The newly formed East-Central African country of South Sudan earned its independence from the Republic of the Sudan in 2011. The country hosts a population of around 10,204,581 individuals.
Ethnicity, Language, And Religion
Sudan is home to people from diverse ethnic groups. Some of the country’s largest ethnic communities are the Dinka and the Nuer who account for 35.8% and 15.6% of the country’s population, respectively. Other ethnic groups are the Shilluk, Azande, Kuku, Bari, Kakwa, and more. English is South Sudan’s official language. Arabic and regional languages like Dinka, Nuer, Bari, etc., are also spoken. A large section of the South Sudanese population adheres to traditional African indigenous religions. Christianity is also a major religion in the country.
South Sudanese Cuisine
Bread, pancakes, and porridge are staples of South Sudanese cuisine. These are made of corn, maize, sorghum, and other grains. The gurassa (a thick cornbread), kisra (sorghum flatbread), are some examples of the types of bread eaten in the country. A wide variety of vegetables like potatoes, sweet potatoes, okra, fava beans, kudra (a green leafy vegetable), onions, tomatoes, plantain bananas, etc., are all consumed in the country. Pulses also form an important part of the diet. A large number of fruits like papayas, oranges, mangoes, apples, guava, avocados, etc., are also sold in the market. Meat, usually mutton or goat, is widely consumed in the boiled or stewed form. Smoked or dried beef is also considered a delicacy. It is eaten with groundnut or peanut sauce. Fish is consumed by communities living near water bodies. Kakaik is a stew prepared with dried fish.
Literature And The Arts
Like most African countries, South Sudan also has a long-lived tradition of storytelling. The Azande people of the country are specifically famous for their storytelling tradition. The oral literature of the country comprises numerous folktales and legends, heroic epics, war stories, fairy tales, ritualistic chants, and more. The art of telling poetry of the Dinka people living in the country is highly praised. Written literature in the country has a relatively short history. The written literary works are also limited in number. Most published works focus on the war and hardships of the people and the social issues prevailing in the nation.

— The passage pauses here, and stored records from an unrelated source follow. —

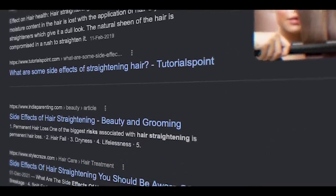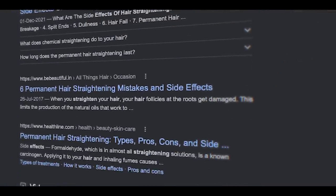As you all requested, I want to tell you about hair straightening — how to clear hair and what it involves. There are some negative points and side effects. If you want to mention anything about this video, please comment.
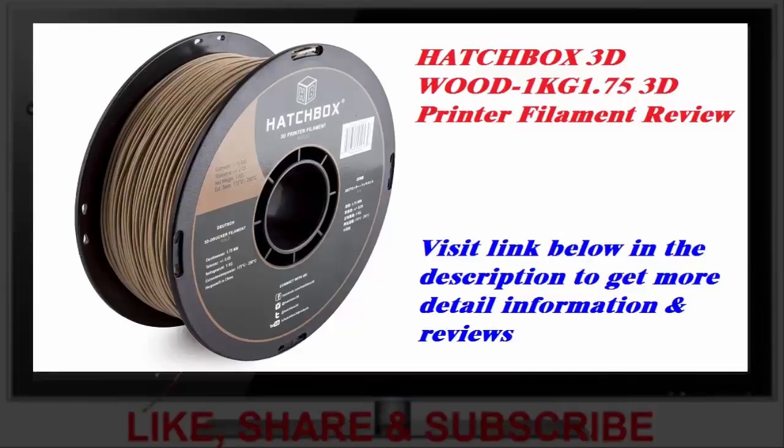I haven't used wood-based filaments from any other brands, so I wasn't sure what to expect from the Hatchbox filament. However, I haven't had any trouble with it so far, and it really does look like wood after sanding the printed part.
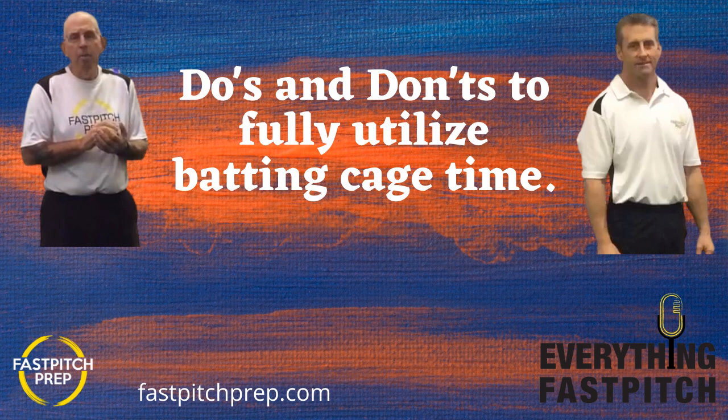First, the Anderson Bat Company. Everything Fast Pitch is very proud to have Anderson Bat Company as our presenting sponsor. They are using the latest technology to corner the market in the fast pitch world. They have the minus 9 Rocket Tech, the minus 10 Carbon, and the minus 11 Carbon Light. Use the EFP20 discount code on the Anderson Bat Company website and you'll get a 20% discount.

The South Sudanese are also experts in a wide variety of crafts. They produce excellent handicrafts like pottery, baskets woven with papyrus seeds, and stone and wood carvings.
South Sudan has a rich heritage of folk music that reflects the ethnic diversity of the nation’s population. The music is also heavily influenced by the music of neighboring nations. Besides folk, reggae, jazz, zouk, and Afro-beat are also quite popular. Modern South Sudanese songs are written in English, Arabi, Kiswahili or Juba. Both Islamic and Christian beliefs have influenced the performance arts in Sudan.

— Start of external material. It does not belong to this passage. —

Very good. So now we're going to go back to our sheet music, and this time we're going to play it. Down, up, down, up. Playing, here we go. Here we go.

Several modern and traditional games like mock battles, wrestling, football, and basketball, etc., are popular in South Sudan. The traditional games often mark the celebration of special occasions like the harvests. They were viewed by a large number of people who played drums and danced in support of their favorite team. Today, the government of the country is making attempts to promote association football. Football training centers have been established in various parts of the country to coach the youth in the game. The South Sudanese have excelled in some international sport like basketball. Luol Deng, a native of South Sudan, is a star of the US National Basketball Association.

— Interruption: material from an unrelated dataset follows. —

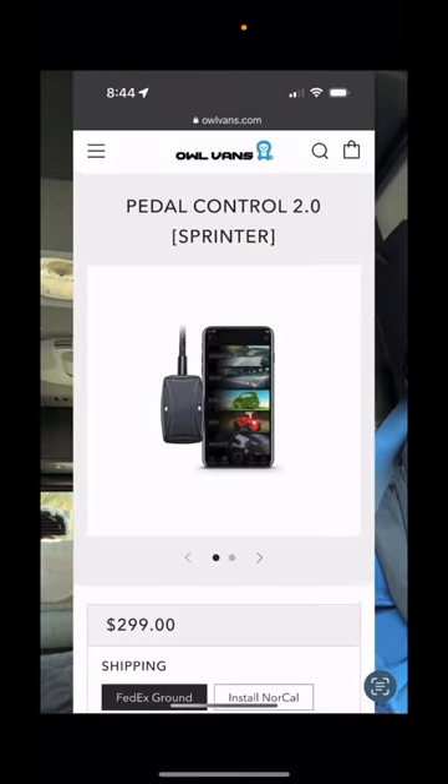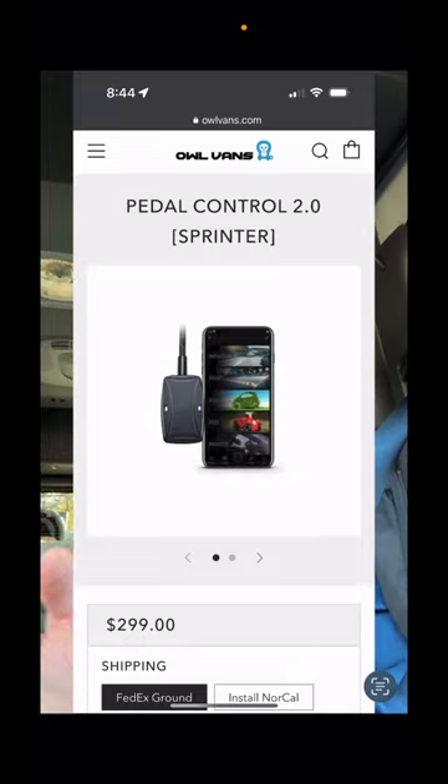Talking about the Pedal Control 2.0 — it's a $300 easily installed accessory for your Sprinter van. You may have noticed when driving your Sprinter van that it doesn't accelerate as quickly as a regular car. The accelerator tends to lag while the turbo spins up, so it can be real slow to get off the line or to accelerate on the freeway.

Life In South Sudanese Society
Most South Sudanese value kinship. They put great emphasis on knowing one’s tribal origin, traditions, and customs. Oral literary tradition helps keep alive the culture of the people, especially among the non-literate groups. The different stages of the life-cycle of an individual including birth, puberty, and marriage are accompanied with ritual and ceremonial observances. Ritual adornments in the form of tattooing or facial scarring are common. The South Sudanese society is mostly patriarchal in nature. Polygyny is not uncommon. Although the number of divorces is now increasing, broken marriages were considered shameful in the past. In the urban areas, the South Sudanese prefer to wear Western-style clothing. Traditional dresses vary among the ethnic groups but are usually light fitting and made of light material.